Schon wieder Geburtstag! Leni wird an diesem Tag (Rudu schreibt also wieder nicht rechtzeitig) 25 Jahre alt. Leider wird wieder nichts Politisches erwähnt.


R., den 21. Juni 34.

Liebe Leni!

So friedlich und ruhig ist alles hier, ich sitze allein in der S.schen Wohnung und meine Gedanken wandern nach N., wo Ihr sicher Deinen Geburtstag heute gebührend feiert. Von Herzen alles Gute Dir zum neuen Lebensjahr! Hoffentlich findest Du etwas, was Dich ausfüllt und Dir Befriedigung verschafft.
Meine Glückwünsche kommen verspätet, Du mußt Nachsicht üben. Gestern abend reiste Ingrid ab und bis dahin war die Zeit so voll besetzt. Am Tage vorher waren wir in Travemünde zusammen, gestern wurde Ingrid leider noch etwas krank, dazu viel Hin und Her am Kontor – kurz, die Ruhe fehlte, um Dir rechtzeitig zu schreiben. An sich wollte ich auch selbst erscheinen, doch meine Reise nach England bedarf noch einiger Vorbereitung, auch wartet sonstiges hier noch auf mich.
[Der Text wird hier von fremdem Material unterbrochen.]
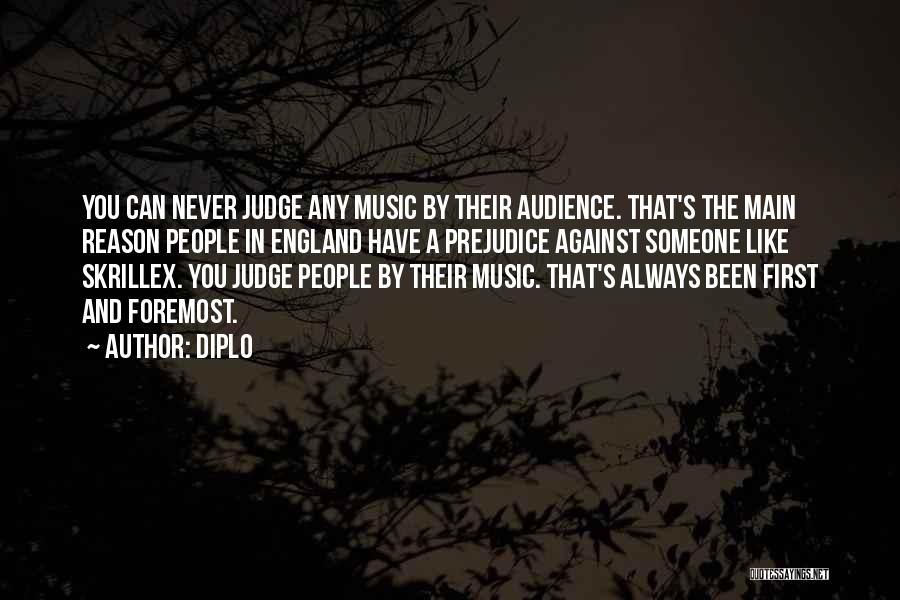 Judge And Prejudice Quotes By Diplo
Mit Mama habe [ich] noch kurz über ein Geschenk für Dich gesprochen und möchte Dich nun gern selbst fragen, ob ich Dir ein Buch aussuchen darf oder ob Du für Dein neues Rad gern eine Lampe haben möchtest? Es gibt die neuen Lampen mit auswechselbaren Batterien. Vielleicht äußerst Du Dich mal kurz, ich würde Dir gern das schenken, was Dir Freude macht.
Für meine Englandreise wäre es sehr nett, wenn Du Papa am Montag das mitgeben würdest, was Du beabsichtigtest. Ich gehe zu einem Mr. Pledge nach Eastbourne, der glaube ich ein sehr geeigneter Mann ist für das, was ich vorhabe. Seine Frau ist eine Schwester des netten Herrn P., durch den ich auch die Adresse bekommen habe. Es soll ein sehr gelehrtes Haus sein.
Heute war ich mit Ulle und einer Freundin von ihm zusammen. Wir haben uns sehr gut unterhalten. Die beiden lesen sich in ihrer freien Zeit Goethes „Wahlverwandtschaften“ vor, sie gibt ihm sehr viel Anregung. Sonnabend gibt Ulle eine kleine Gesellschaft, es ist zu schade, daß Ingrid nicht mehr hier ist.
Papa wird Dich nach der Adresse von Ull Richard fragen, die Du ihm unbedingt sagen mußt. Es kann für Richard von großem Wert sein.
Grüß in N. alle, vor allem die Eltern und den guten Albrecht. Laß Dir einen innigen brüderlichen Kuß geben von
Deinem Rudu.


Die S.sche Wohnung ist die von Ingrids Eltern, also die zukünftige Schwiegerelternwohnung. Warum Rudu dort trotz Ingrids Abwesenheit noch weilt, ist mir nicht ganz klar. Immerhin hatten auch seine Eltern ein Haus im Ort. Seid Ihr auch so überrascht, von batteriebetriebenen Fahrradlampen zu lesen? Da dachte man immer, seinerzeit hätte es nur den Dynamo gegeben. Wo das doch bis heute der einzige legale Fahrradlampenantrieb ist … Sehr romantisch (und natürlich unfassbar anregend!) stelle ich mir gegenseitiges Vorlesen von Goethes Werken vor. Hach! Ich sehe sie förmlich unter einer Linde weilen, versonnen flechten ihre Hände einen Blumenkranz, während sein Blick es nie lang auf dem Geschriebenen aushält, sondern immer wieder auf ihre von der Sonne gebräunten Schultern fällt.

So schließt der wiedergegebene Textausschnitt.